Separately, the company negotiated reduced rates with UPS due to increased volume of small package deliveries. "UPS has an interesting way of pricing their products, but you can work with them to get volume discounts," says Hall, who saved 20% for Collins' business.
$17,000 saved via freight recovery
Per industry custom, Collins does not tack on a delivery charge for its own shipments. However, the company discovered that it is possible to pass on costs from common carriers or UPS. "If you have a $400 delivery and pass along a $3-4 UPS charge, people usually don't say anything. We don't say anything when people do it to us," says Hall.
Since stepping up outside deliveries, Collins has been able to increase the percentage of freight billed from 42% in 2001 to 53% last year, and 61% at last report for 2003. Grand total saved, around $17,000.
$77,000 saved in transaction costs
Collins also conserved an estimated $77,000 from a program that identified customers that were costing the company money and then changing the way it did business with those clients. The company targeted accounts with low average gross profit per order (APO) ratings, and focused on educating those customers on ways to reduce transaction costs. In some cases this meant combining orders or imposing minimum order sizes, and sometimes simply raising prices. On occasion Collins even "fired" a customer.
"It's just sound business practice to do things like deliver once a week instead of five times," says Hall. "Most of what we did saved money for customers as well as ourselves."

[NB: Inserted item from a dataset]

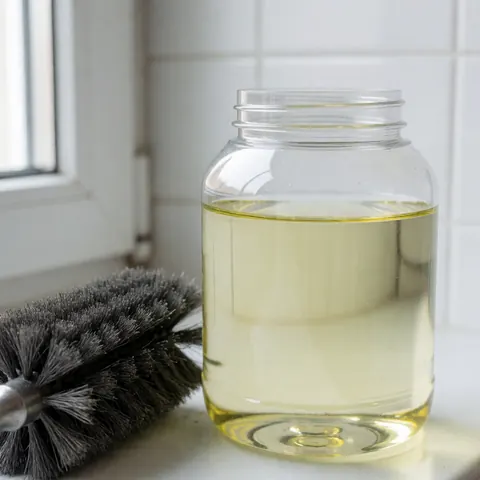 Clear plastic jar with light yellow liquid next to a steel brush with gray bristles on a white tiled surface.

This initiative and others described here are premised on acquiring detailed cost information. Mark Tuohey, who serves as the company's IT and marketing manager, is the person in charge of that. He came to work for Collins about a year and a half ago after 18 years in sales with a company that marketed computerized systems for hotels, restaurants and casinos.

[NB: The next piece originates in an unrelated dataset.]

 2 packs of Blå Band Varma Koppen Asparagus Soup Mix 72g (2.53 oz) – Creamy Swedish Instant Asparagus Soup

Collins' IT system uses customized software revolving around the Chrystal Reports program. "We collect real good information," says Mark. "Who are the top 150 customers? Who are the 80/20 customers? Our people tell me what they need, and our system can come up with the data. A lot of these reports are used daily and being able to use them in real time has become our lifeblood."
$55,680 saved in error reductions
Historically, Collins had delivered orders 96% error free. That may sound impressive, but with an average of 2,500 orders per month, it meant the company was making about 100 errors every month, or about five for every working day.
As is his wont, Brian Tuohey came up with an incentive program that paid people to eliminate mistakes. The company set a goal of 99% error-free, which meant every month its order fulfillment people made fewer than 25 errors, they received a bonus. Last year, Collins recorded merely 7.16 errors per month, and the warehouse personnel and drivers split an average of $840 per month in error avoidance bonuses.
After absorbing those payments, the company still realized more than $55,000 in savings from this program, and the people are committed to doing even better this year.
$4,000 in A/R incentives
Collins implemented a program in June 2002 to provide a daily incentive to the accounts receivable department for achieving an average days' outstanding of 35 days or below - about a third below industry norms. This enabled the company to reduce borrowings and take advantage of more vendor discounts, thus the savings.
$50,000 in improved bank financing; $5,000 in insurance premium reductions
Maybe it's a stretch to attribute these to the cost-cutting program inspired by the Habitat contribution, then again maybe not. One should always be on the lookout for better deals from bankers and insurers, but the reality is the press of business tends to make these good intentions slide by. Bankers and insurers tend not to send notices about how you can save money renegotiating with them.
"The Habitat project energized the concept of looking for savings everywhere," says Hall. "Should we have renegotiated even without the Habitat commitment? Yes. Would we have done so? Probably not."
The result was about $55,000 less in interest and premium payments last year.
Some of the $339,000 saved was a one-time reduction in 2002, but considerable sums resulting from error reductions, the APO program and other savings will continue to accrue to the company year after year. Moreover, whether it's for charity or their own profit-sharing bonuses, the employees at Collins have been imprinted with a mindset for reducing expenditures every day in every way.
Sidebar:Collins Pipe & Supply serves as a prototype of how a small company can thrive in the PVF field by not trying to be all things to all people. The $15-million company also demonstrates that being small does not equate with a lack of sophistication.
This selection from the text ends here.